Talentmanagement: Das Wissen im Unternehmen halten

Talentmanagement hat bei AXA Winterthur einen hohen Stellenwert. Wendy Urban, Lead Talent Management, über die Herausforderungen bei der Förderung von Talenten in einem international tätigen Versicherungsunternehmen.

Von: Wolf-Dietrich Zumach   Teilen  

Wolf-Dietrich Zumach

Wolf-Dietrich Zumach ist nach diversen Führungspositionen in Verlagen seit 2004 selbständiger Berater für Medienunternehmen. Als Entwickler und Ideengeber hat er ein starkes Interesse für innovative Querdenker und Businessideen. Er verfügt über mehr als 15 Jahre Verlags-Know how und hat seit 2007 für WEKA Business Media schon weit über 100 Fachinterviews im Print-, Audio- und Videoformat durchgeführt und produziert.

Talentmanagement

personalSCHWEIZ: Frau Urban, welchen Stellenwert hat das Talent­management in der Unternehmens­strategie der AXA Winterthur?

Wendy Urban: Die AXA Winterthur durchläuft zurzeit eine Transformation hin zu einer agilen Organisation, die wir mittels verschiedener struktureller und kultureller Massnahmen realisieren wol­len.
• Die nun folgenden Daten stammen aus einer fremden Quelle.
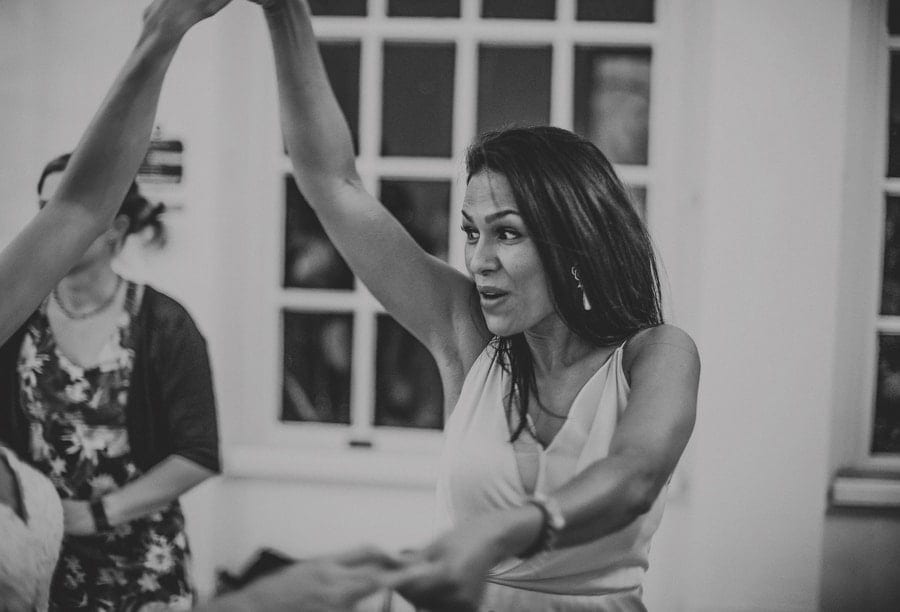 A wedding guest dancing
Dazu gehören – wo sinnvoll – der Abbau von Hierarchien, die Stärkung der Spezialistenlaufbahn und damit ein­hergehend ein neues Rollenverständnis von Führungskräften und Spezialisten sowie die weitere Stärkung unserer Un­ternehmenskultur. Bei diesen Massnah­men nimmt HR und im Besonderen das Talentmanagement eine Vorreiterrolle ein: Neue Modelle bzw. Arbeitsformen werden zuerst HR-intern als Pilotprojekt ausprobiert. HR und damit auch das Ta­lentmanagement sind Teil der Geschäfts­leitung und damit in der Unternehmens­strategie vertreten.

Wodurch zeichnet sich Ihr Talentmanagement aus?

Unser Talentmanagement stützt sich auf vier Faktoren: Erstens ist es die Transpa­renz gegenüber unseren Talenten und gegenüber dem Management. Unsere Talente wissen von Anfang an, welche Er­wartungen und Anforderungen an sie ge­stellt werden und welchen Status sie ha­ben werden. Und das Management bzw. der Vorgesetzte hat dank aktueller Kenn­zahlen stets einen Überblick zur Talent­situation im unterstellten Bereich, z.B. zur Talent- oder Geschlechterverteilung oder zum Stand der einzelnen Entwicklungs­pläne. Ein zweiter Erfolgsfaktor ist der starke Praxisbezug: Alle unsere Entwick­lungsangebote sind so konzipiert, dass sie einen grossen Nutzen und Mehrwert für das Unternehmen bringen – es sind also keine künstlichen Assessment-Center. Ein dritter Punkt ist das Commitment unserer Geschäftsleitung. Wir – die Geschäftslei­tung eingeschlossen – verwenden viel Zeit für die Identifizierung unserer Talen­te. Ein letzter Punkt ist unsere Flexibilität. Bei der AXA ist das Talentmanagement nämlich kein pfannenfertiges Programm. Vielmehr besteht es aus einzelnen Bau­steinen, was ein auf das einzelne Talent zugeschnittenes Programm ermöglicht.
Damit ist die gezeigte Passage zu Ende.